Brief descriptive captions:
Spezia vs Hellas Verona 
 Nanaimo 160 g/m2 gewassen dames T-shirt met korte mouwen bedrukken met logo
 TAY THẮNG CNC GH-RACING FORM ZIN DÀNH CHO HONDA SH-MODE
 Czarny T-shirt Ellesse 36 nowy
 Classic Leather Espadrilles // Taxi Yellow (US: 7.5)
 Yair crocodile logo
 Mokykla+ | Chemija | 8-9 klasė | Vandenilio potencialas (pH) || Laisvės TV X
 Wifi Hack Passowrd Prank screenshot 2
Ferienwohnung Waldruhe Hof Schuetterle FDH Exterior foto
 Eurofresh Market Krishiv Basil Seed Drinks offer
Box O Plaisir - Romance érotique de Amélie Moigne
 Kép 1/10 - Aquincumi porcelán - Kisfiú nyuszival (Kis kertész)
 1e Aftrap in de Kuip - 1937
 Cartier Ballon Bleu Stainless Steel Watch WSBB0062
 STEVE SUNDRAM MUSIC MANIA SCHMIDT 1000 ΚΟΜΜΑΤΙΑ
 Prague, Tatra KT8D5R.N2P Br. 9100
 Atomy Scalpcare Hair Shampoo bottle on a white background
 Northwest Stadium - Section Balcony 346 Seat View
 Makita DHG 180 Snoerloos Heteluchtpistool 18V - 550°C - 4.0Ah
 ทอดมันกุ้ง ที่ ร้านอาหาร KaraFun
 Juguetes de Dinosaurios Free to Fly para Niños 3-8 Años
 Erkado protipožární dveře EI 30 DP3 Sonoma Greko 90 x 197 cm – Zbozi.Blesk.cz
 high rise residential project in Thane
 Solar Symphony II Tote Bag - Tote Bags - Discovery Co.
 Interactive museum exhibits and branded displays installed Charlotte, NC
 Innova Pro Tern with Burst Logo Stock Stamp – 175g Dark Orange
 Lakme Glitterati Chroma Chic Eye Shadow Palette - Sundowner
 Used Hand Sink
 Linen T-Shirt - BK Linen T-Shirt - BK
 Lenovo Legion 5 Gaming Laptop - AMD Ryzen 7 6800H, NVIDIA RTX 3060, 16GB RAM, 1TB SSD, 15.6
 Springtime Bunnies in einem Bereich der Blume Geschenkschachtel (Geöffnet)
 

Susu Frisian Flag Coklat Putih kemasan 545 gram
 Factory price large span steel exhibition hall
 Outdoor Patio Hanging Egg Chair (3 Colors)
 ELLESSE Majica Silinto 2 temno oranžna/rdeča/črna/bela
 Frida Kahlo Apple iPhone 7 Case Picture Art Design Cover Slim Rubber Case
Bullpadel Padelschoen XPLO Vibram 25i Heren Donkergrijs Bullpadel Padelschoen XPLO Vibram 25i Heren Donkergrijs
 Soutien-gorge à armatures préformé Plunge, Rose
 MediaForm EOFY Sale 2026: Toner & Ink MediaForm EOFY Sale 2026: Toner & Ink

What needs to be done – Begin with the line that contains "Factory price large" and print each line exactly until the data ends, including the last line.

Written solution –
 Factory price large span steel exhibition hall
 Outdoor Patio Hanging Egg Chair (3 Colors)
 ELLESSE Majica Silinto 2 temno oranžna/rdeča/črna/bela
 Frida Kahlo Apple iPhone 7 Case Picture Art Design Cover Slim Rubber Case
Bullpadel Padelschoen XPLO Vibram 25i Heren Donkergrijs Bullpadel Padelschoen XPLO Vibram 25i Heren Donkergrijs
 Soutien-gorge à armatures préformé Plunge, Rose
 MediaForm EOFY Sale 2026: Toner & Ink MediaForm EOFY Sale 2026: Toner & Ink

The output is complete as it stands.